Posted by Jonathan Naraine almost 14 years ago

I have just got started on the actual design part of my permaculture project. To help myself /others to come up with creative and suitable ideas I have asssembled the forework of my design. The conclusions of my observations and interactions and my vision

Intro: This is a project I will make into an okaj design proposal in april as the final product of my graduation project, but after that I will come back to it regularly and I hopefully start to implement it this year.

Therefore I would be very happy if someone from the permaculture world, with a little experience could have a look at it and maybe give me some tips. After all I haven't taken any PDC-courses yet so right now I mainly follow tips I got from books. 


Goals: I want to be 50% self-sufficient, meaning that I grow 50% of all the medicin, food and personal hygiene products I consume.
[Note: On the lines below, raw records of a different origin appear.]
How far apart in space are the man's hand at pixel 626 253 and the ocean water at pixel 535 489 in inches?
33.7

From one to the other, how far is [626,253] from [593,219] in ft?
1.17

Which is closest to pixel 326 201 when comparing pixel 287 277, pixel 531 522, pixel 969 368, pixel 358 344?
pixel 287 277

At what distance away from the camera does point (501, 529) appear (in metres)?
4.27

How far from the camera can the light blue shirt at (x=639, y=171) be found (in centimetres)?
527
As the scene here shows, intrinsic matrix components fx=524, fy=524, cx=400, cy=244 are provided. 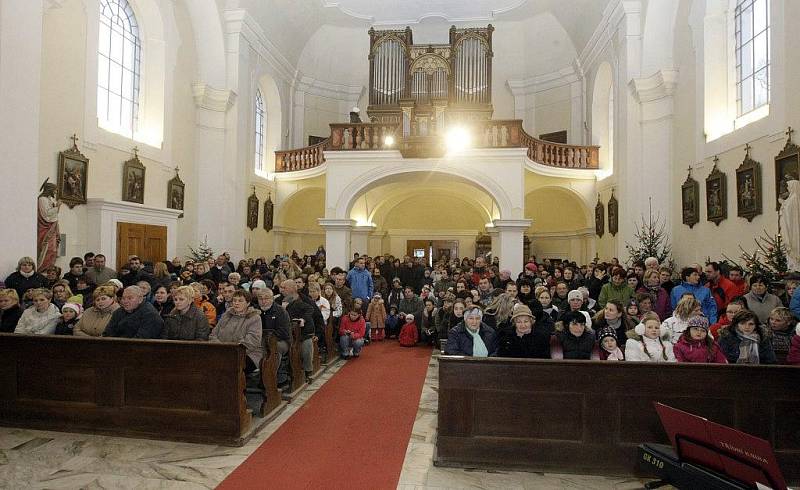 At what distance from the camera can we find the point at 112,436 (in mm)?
4758

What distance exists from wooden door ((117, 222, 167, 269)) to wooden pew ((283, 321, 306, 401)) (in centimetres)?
595

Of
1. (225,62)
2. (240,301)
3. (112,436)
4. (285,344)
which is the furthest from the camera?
(225,62)

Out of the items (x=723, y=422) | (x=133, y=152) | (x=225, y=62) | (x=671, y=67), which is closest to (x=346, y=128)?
(x=225, y=62)

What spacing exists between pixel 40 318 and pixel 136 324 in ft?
4.17

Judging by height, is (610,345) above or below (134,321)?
below

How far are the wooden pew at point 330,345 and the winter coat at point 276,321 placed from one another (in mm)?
2039

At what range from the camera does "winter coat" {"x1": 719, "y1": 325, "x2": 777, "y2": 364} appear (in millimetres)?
4633

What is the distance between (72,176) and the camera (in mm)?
9383

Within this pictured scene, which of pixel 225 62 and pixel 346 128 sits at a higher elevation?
pixel 225 62

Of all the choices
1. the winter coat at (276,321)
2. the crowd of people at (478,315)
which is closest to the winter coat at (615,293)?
the crowd of people at (478,315)

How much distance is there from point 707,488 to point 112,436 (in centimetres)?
470

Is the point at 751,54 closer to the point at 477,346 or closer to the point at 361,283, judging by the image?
the point at 477,346

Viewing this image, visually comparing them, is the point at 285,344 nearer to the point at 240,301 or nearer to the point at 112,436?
the point at 240,301

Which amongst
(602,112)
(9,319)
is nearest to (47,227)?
(9,319)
Secondly I want a place to rest and meditate in everyday life (for me observing and interacting with nature is a form of meditation).
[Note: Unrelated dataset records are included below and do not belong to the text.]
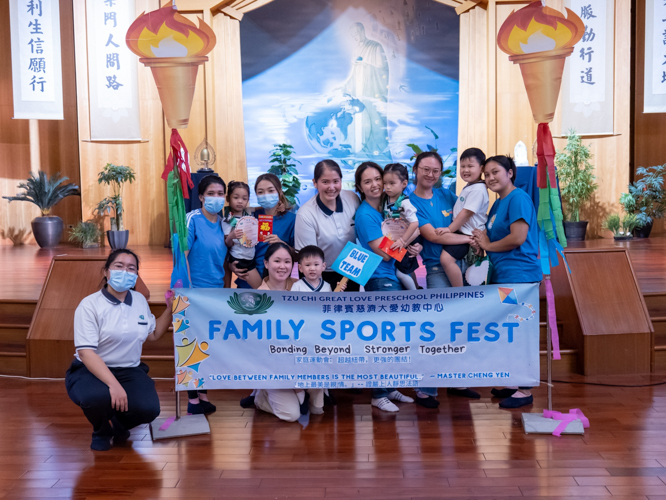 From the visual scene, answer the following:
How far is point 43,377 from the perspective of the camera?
4.12 meters

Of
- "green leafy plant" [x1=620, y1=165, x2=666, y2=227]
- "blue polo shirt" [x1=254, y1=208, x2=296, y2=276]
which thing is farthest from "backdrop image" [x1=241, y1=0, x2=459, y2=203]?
"blue polo shirt" [x1=254, y1=208, x2=296, y2=276]

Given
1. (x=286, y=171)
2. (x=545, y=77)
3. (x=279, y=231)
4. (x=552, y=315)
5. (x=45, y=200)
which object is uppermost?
(x=545, y=77)

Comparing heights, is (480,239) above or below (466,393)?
above

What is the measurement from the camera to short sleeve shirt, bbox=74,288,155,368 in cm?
289

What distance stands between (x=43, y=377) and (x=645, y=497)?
357cm

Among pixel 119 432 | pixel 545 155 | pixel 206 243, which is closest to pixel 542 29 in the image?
pixel 545 155

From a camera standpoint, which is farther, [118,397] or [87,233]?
[87,233]

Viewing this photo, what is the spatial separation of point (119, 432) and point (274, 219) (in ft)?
4.49

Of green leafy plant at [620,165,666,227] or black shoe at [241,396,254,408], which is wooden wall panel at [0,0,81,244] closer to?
black shoe at [241,396,254,408]

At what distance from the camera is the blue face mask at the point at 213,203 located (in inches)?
131

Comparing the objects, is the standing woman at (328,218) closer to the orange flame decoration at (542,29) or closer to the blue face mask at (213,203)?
the blue face mask at (213,203)

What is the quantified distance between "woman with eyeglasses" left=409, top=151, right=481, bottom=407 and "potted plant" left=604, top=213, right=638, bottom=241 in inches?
250

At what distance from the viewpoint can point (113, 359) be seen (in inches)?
118

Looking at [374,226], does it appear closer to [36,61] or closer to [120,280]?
[120,280] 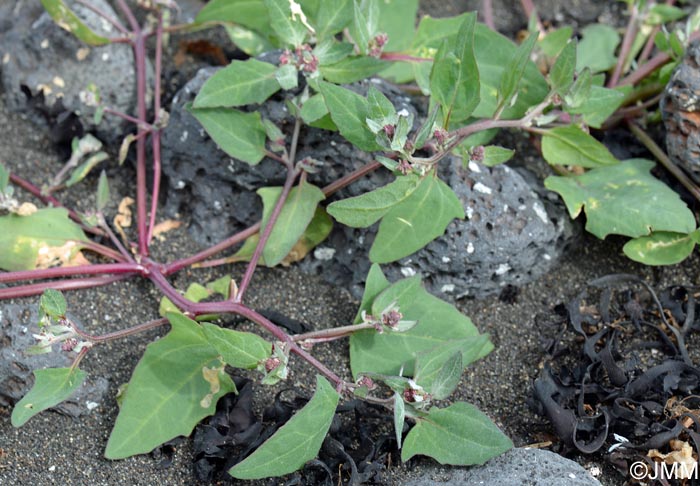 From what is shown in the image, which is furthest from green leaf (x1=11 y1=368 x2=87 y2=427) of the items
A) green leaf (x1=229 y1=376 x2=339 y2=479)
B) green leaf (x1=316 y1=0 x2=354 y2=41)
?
green leaf (x1=316 y1=0 x2=354 y2=41)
I want ot learn, have fun and experiment in this project and I think that the design I make as a graduation project will be a good tool to be able to aquire a well functioning permaculture garden to help me obtain these goals. I also search for personal development and some real good friends and hope that this project will help me on my way to my better self.

My observations:

1, Ecological conditions:

I live in suburban residential neighbourhood on the top of hillside road, surrounded by a forest to the south-west and smaler forest strip to the north-east. Our hose is in a slopebetween this two forests and some regurlarly outplaced houses. In th garden we have a compressed and acid soil, waterlogged for much of the year, with early frosts (october) and possibly snow from november to april. There are also two huge pine-trees on the southern and western corners of the garden and a slope pointing to the north-east — wich together makes the garden very shady. With the house pointing north-east my backyard should be the sunniest location but thanks to slope and trees it's very shady. On my front yard I have an old Apple tree that I want to keep, some berrybushes and rhubarbd wich I want to spread/propagate. The apple tree probably has the only location that gets sun now in wintertime.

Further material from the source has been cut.